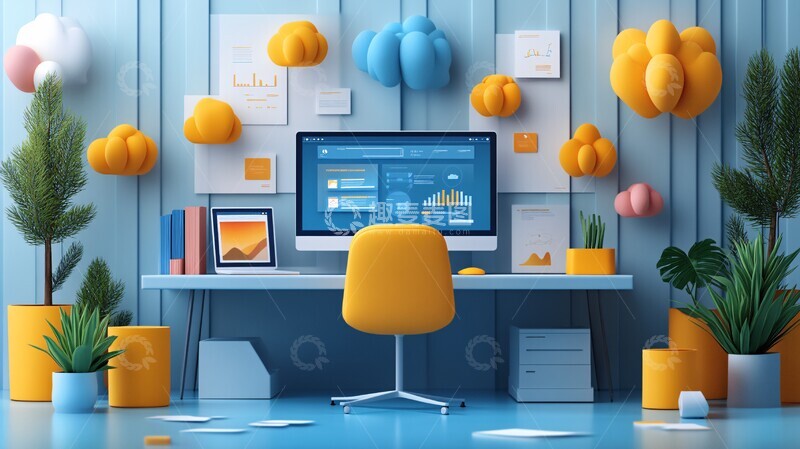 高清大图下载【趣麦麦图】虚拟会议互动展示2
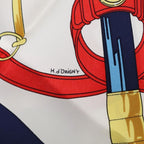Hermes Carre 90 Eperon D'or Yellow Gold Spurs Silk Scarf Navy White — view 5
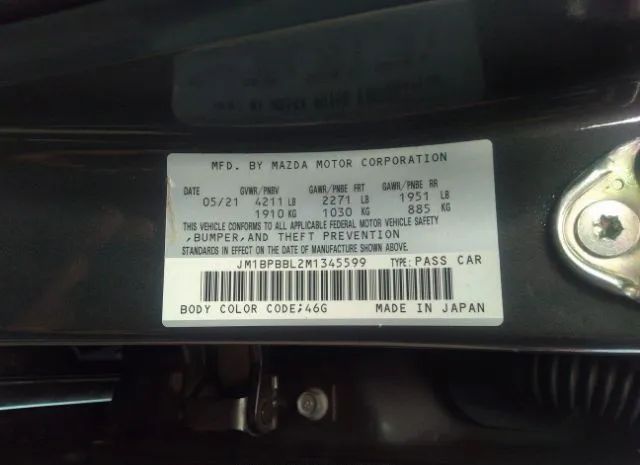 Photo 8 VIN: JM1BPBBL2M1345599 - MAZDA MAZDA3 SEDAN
- - - - -
* YOUR OBJECTIVE
Set down the material exactly, every line of it, except for the pictures.

* TASK RESULT
 高清大图下载【趣麦麦图】虚拟会议互动展示2
Hermes Carre 90 Eperon D'or Yellow Gold Spurs Silk Scarf Navy White — view 5
 Photo 8 VIN: JM1BPBBL2M1345599 - MAZDA MAZDA3 SEDAN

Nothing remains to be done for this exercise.